Op zes januari 2015 stuurde de minister voor cultuur, Jet Bussemaker, een brief aan de Raad voor Cultuur. In deze brief vroeg zij de Raad om advies over de toekomst van het cultuurbeleid en de basisinfrastructuur 2017-2020.

De brief bestond uit twee delen. In het eerste deel vroeg zij de Raad te adviseren over een agenda voor het cultuurbeleid. Het gaat in dit deel om ontwikkelingen die op de langere termijn de vraag naar en het aanbod van cultuur beïnvloeden. In het tweede deel stelde ze de Raad, met het oog op de financiering van cultuur in de periode 2017-2020, een aantal specifieke vragen over (groepen) instellingen.

Volgens Bussemaker heeft de cultuursector laten zien dat ze onafhankelijk, veerkrachtig en innovatief is en steeds meer onderling samenwerkt. ‘Mijn cultuurbeleid is er vooral op gericht om dáár meer ruimte voor te geven. In de periode 2017-2020 wil ik instellingen meer mogelijkheden bieden om te werken aan een eigen profiel, om te innoveren en om nieuwe samenwerkingen aan te gaan. Ik wil instellingen de kans geven om zich, als dit nodig is, opnieuw uit te vinden, om ook in de toekomst relevant te blijven. Ik denk daarbij aan de mogelijkheid voor instellingen om zich te profileren op specifieke taken, om zich van andere producenten en makers te onderscheiden en om nieuwe samenwerkingsverbanden aan te gaan, binnen en buiten de cultuursector. Die ruimte wil ik geven aan instellingen in de basisinfrastructuur en aan instellingen die worden gefinancierd door de cultuurfondsen. Die ruimte is van belang: het speelveld verandert in hoog tempo. Door veranderende publieksvoorkeuren, veranderingen in de demografie, digitalisering, informalisering en ontwikkelingen in de cultuursector zelf. Over dat nieuwe speelveld stel ik de Raad voor Cultuur hieronder een aantal vragen.’

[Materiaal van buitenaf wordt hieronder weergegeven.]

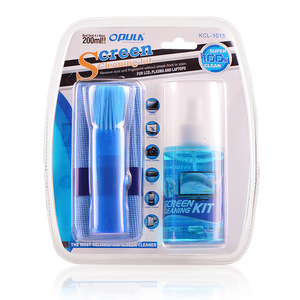 Dispositivo electrónico de tv lcd personalizado, limpiador de lente de cámara, ordenador, portátil, smartphone, <span class=keywords><strong>kit</strong></span> de espray, 200ML - Product Image 6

De vragen hebben betrekking op de vergrijzing van de bevolking, de groei van de multiculturele samenleving en de versnelling als gevolg van het internet. ‘Wat hebben instellingen nodig om bij de hierboven geschetste ontwikkelingen aan te sluiten?’ Ook vraagt zij de Raad in te gaan op het begrip spreiding in het licht van de ontwikkeling van een eigen profiel van steden en regio’s.

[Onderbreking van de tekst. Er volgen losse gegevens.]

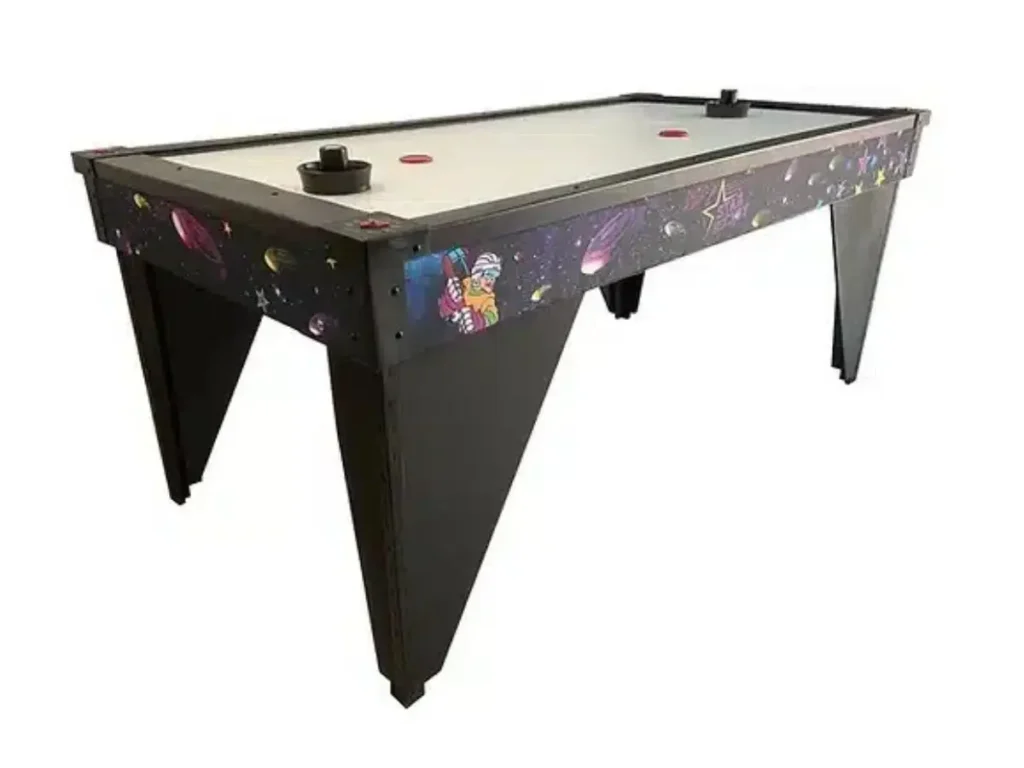 locação de mesa de air game grande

Het is de minister ook opgevallen dat het oordeel van experts en deskundigen onderhevig is aan erosie. ‘De samenleving is de afgelopen decennia sterk geïndividualiseerd. Traditionele kaders verdwijnen en veel belangrijke levensbeslissingen worden door individuen als vrije keuze beleefd. Individualisering gaat hand in hand met horizontalisering, waarin hiërarchische verhoudingen verzwakken en gezag steeds minder vanzelfsprekend wordt. Spelregels en verhoudingen veranderen. Het gezag van de traditionele “expert” of “cultuurkenner” neemt af; tegelijk heeft het publiek behoefte aan deskundigen als gids in het aanbod. Vanuit de overtuiging dat de regering geen oordelaar moet zijn over kunst heeft de overheid een systematiek ontwikkeld waarbij de artistieke beoordeling van de kunsten in handen ligt van experts bij de fondsen en de Raad voor Cultuur. Mijn vraag aan de Raad is: Wat is de opvatting van de Raad over hoe deze ontwikkeling zich verhoudt tot de wijze waarop de huidige besluitvorming over cultuursubsidies is ingericht?’ Hierover zal zij ook de Akademie van Kunsten vragen na te denken.

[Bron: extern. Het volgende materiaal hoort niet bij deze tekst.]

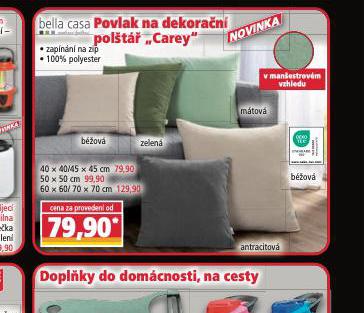 POVLAK NA DEKORAN POLT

De minister herhaalt dat ze geen grote veranderingen wil aanbrengen in het huidige stelsel, en dat het financiële kader geen verruiming toelaat. Wel wil ze instellingen verplichten hun artistieke prestaties nauwkeuriger te gaan bijhouden. ‘Daarbij gaat het bijvoorbeeld om publiekswaardering, talentontwikkeling, internationaal belang of andere zaken waarmee een instelling zich profileert.’

Op het terrein van talentontwikkeling schrijft de minister dat het voor de komende periode van belang is talentontwikkeling goed te beleggen, gezien het risico van versnippering en het risico van tijdelijke oplossingen. Ze vraagt de Raad te kijken naar de rol die instellingen in de basisinfrastructuur en fondsen voor de periode 2017-2020 hierin kunnen spelen. En hoe de Raad de rolverdeling ziet tussen de verschillende overheden op dit gebied.

De brief van de minister is op 15 januari in eerste termijn besproken in de Tweede Kamer. Aanstaande woensdag vindt vervolgoverleg in plaats, als daar moties worden ingediend,zullen deze meteen in stemming worden gebracht om de Raad voor Cultuur niet op te houden. De m inister heeft De Raad verzocht zijn advies voor 1 april 2015 uit te brengen.